Esther was a small framed little woman as high as she was wide, stocky little lady with stocky little legs. She wore heels past the safety point of any elderly woman, beyond the obvious reasons to put them back in the closet. To be in style, that was top of her priority list. Every christmas you could depend on the never changing nature or character of the crisp, clean and in style christmas decorations. The elves, the hanging ball that moved and played a christmas tune, the nativity scene, the silver christmas tree, the glass candy dish and the hummels, all a part of the show. But not in excess - for that would not be classy.




I was not the child who could enjoy these objects completely without a fair share of contemplation. There was something melancholy about these decorations. The Christmas Red and Christmas Green were two colors that lured and irritated me all at the same time. Without a blazing fire in the background they simply lacked something. The little brain of this little girl never stopped. Only later in life did I discover my preferences, what I wanted to be surrounded by, and they were not red and green, at least for a while.

Esther and Boots had neighbors who lived in their former farm house. I will never forget one Christmas when they came for a "christmas" visit. It felt like my first horror show. We were all sitting in a circle ready for visitors. But No one warned me. No one had ever explained to me anything about special needs. NO ONE. The little girl wobbling into the room was obviously not right.

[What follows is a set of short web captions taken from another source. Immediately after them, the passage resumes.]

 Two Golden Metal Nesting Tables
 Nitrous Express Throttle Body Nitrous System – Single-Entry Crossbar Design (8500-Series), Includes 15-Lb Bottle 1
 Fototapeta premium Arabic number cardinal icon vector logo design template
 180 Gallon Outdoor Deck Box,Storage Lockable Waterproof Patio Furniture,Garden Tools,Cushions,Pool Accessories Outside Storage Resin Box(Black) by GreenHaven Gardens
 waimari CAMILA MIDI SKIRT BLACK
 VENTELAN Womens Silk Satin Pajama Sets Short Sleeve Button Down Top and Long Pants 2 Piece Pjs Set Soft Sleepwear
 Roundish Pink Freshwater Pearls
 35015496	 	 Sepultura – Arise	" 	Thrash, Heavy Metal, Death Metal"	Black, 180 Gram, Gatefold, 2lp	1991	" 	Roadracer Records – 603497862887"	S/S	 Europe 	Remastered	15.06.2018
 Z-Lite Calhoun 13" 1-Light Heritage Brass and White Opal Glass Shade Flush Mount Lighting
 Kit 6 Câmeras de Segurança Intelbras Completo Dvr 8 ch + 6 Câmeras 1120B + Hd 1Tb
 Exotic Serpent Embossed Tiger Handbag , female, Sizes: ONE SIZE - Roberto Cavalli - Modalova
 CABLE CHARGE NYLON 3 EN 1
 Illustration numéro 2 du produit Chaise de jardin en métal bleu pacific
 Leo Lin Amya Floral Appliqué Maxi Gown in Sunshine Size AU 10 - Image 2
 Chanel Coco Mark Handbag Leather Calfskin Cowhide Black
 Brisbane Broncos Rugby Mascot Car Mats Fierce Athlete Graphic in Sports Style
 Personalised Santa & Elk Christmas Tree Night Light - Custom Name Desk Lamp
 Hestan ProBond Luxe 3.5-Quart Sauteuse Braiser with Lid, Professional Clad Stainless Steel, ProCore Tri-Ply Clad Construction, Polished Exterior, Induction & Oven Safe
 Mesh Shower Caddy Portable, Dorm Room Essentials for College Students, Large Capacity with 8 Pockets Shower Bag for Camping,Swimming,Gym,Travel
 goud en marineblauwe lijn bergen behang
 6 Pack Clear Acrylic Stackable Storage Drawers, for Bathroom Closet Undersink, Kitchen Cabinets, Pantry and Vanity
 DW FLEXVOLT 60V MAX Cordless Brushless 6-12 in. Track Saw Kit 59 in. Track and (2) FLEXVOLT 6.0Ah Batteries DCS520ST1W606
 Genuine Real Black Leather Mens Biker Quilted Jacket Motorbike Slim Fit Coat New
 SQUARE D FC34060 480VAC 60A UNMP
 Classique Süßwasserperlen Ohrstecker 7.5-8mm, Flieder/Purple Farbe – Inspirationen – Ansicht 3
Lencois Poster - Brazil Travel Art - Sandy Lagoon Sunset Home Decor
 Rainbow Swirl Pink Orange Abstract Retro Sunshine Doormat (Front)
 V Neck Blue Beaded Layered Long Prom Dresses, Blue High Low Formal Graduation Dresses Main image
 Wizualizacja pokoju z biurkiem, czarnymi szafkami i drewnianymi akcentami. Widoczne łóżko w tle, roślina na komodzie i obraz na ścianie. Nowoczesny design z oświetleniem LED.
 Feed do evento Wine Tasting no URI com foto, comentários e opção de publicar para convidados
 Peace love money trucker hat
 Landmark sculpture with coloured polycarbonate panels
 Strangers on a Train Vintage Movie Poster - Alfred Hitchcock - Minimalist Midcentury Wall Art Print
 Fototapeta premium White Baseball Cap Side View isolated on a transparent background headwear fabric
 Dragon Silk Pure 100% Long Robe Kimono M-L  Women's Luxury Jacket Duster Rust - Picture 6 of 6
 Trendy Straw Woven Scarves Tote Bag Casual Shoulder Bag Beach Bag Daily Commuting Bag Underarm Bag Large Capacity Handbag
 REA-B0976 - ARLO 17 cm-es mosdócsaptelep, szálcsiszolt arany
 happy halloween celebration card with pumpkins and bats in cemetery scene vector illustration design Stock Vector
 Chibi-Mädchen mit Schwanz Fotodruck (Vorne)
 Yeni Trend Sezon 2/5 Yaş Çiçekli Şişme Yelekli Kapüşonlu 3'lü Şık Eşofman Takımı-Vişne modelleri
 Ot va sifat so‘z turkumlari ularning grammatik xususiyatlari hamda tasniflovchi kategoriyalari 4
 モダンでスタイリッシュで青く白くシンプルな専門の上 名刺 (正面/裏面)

Later in life she would be wheel bound but today she walked and headed right for me. She not only had problems with walking but she was mentally challenged as well.

She looked so different from other girls. She was scary with those thick eyebrows scanning from one side of her head to the other, drool hanging from her lips and her arms in a dinosaur fashion. She was making a slow bee line towards me and I was trapped, frozen. The pure fear that ran through my body was the beginning of fear at Grandma's house, nothing I had ever experienced in my five years.

Her arm reached out to the top of my head. WHAT WAS SHE DOING?!!!

My brain was racing. It was the curlers, she was going for my stupid curlers. My mom took great pride in my little crop of fine textured hair. She was either using Dippity-Do or plastic curlers to make my small amount of brunette hair do what she wanted it to do. Today, it was curlers. I HATE CURLERS! And the pull and small tug from each stupid circular pointy plastic hurt ten times more as this girl tugged on them. This felt like a slow motion movie, a very bad dream. It was haunting, and yet funny sad all at the same time.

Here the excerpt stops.